Action item – Pictures in the records below must be left out. Return exactly the lines from the line with "Acrylic Stainless Steel" to the line with "PANAMA JACK - Polera", both included.

Source data –
········

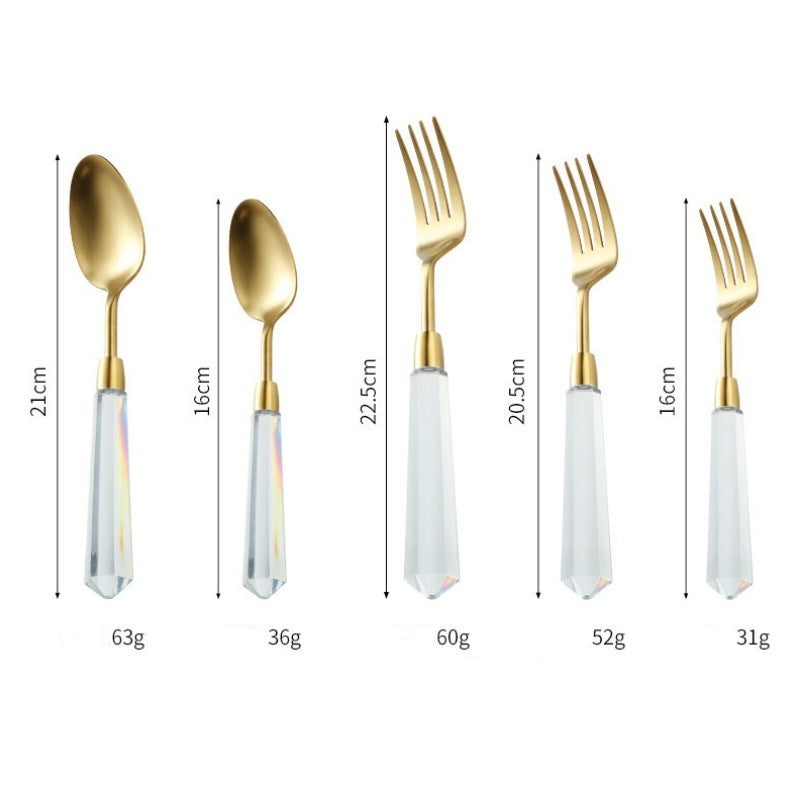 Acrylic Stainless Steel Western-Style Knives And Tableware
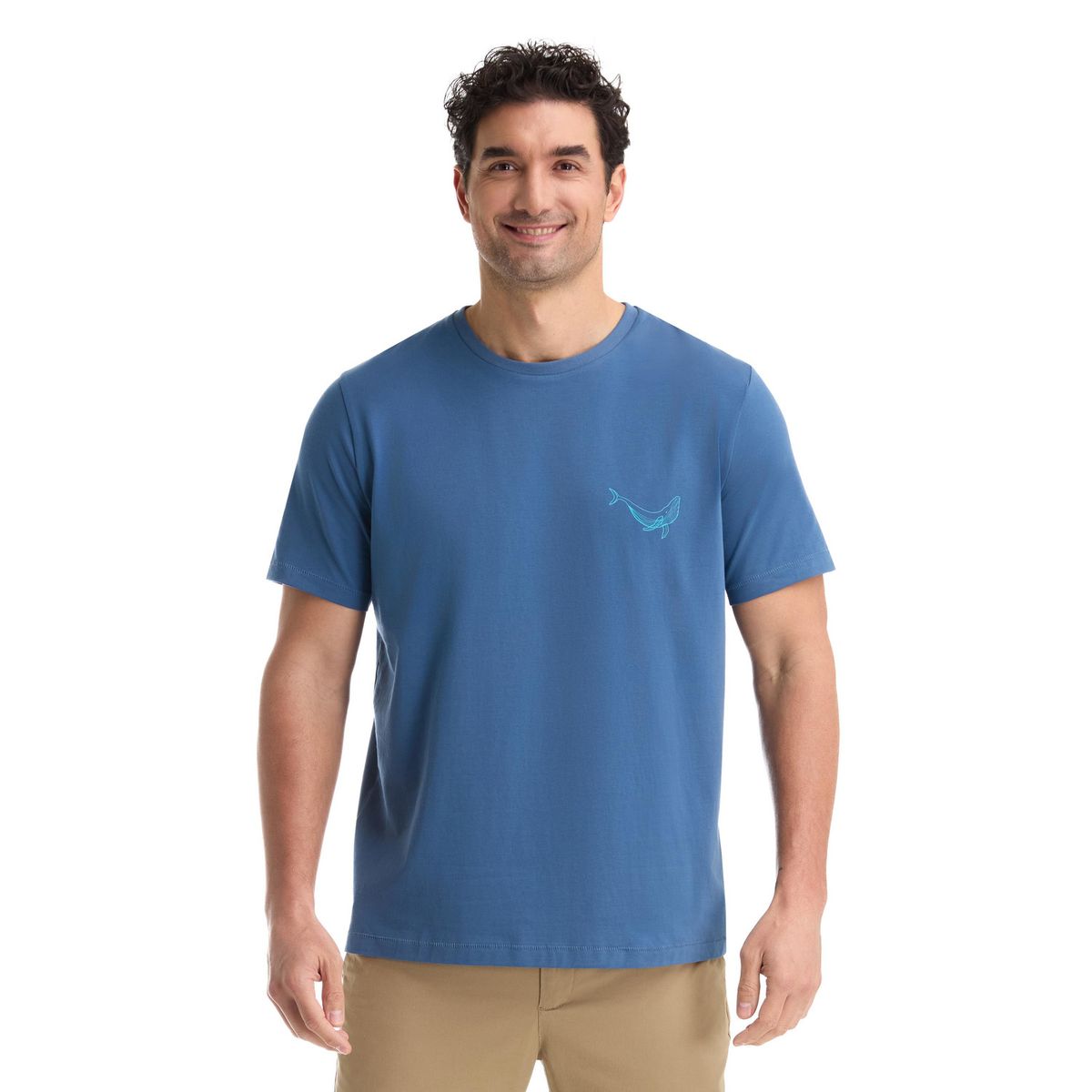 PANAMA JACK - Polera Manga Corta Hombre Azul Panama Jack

········

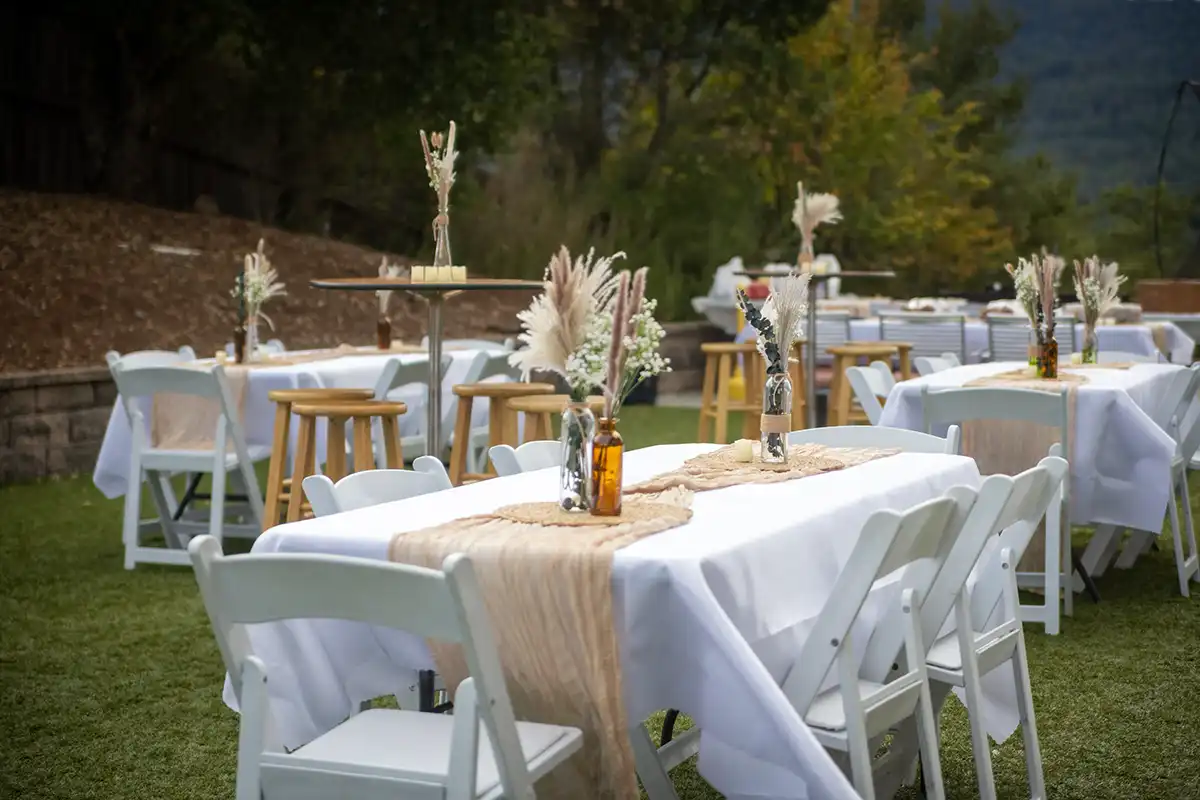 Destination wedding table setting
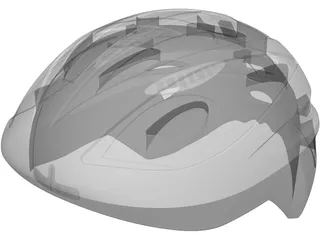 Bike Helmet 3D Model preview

········

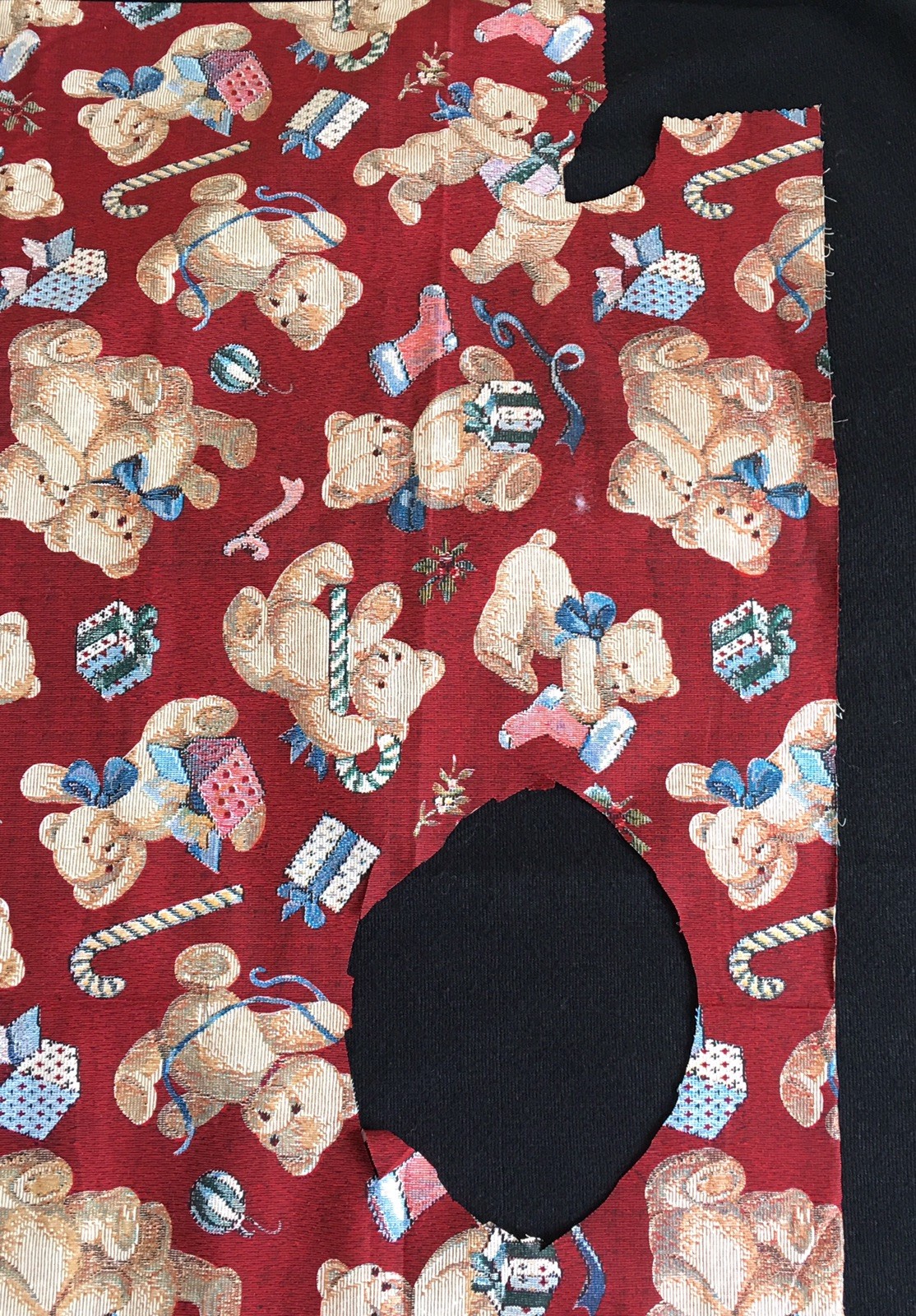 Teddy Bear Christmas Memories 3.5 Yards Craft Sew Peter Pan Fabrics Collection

········

Answer to the problem –
 Acrylic Stainless Steel Western-Style Knives And Tableware
 PANAMA JACK - Polera Manga Corta Hombre Azul Panama Jack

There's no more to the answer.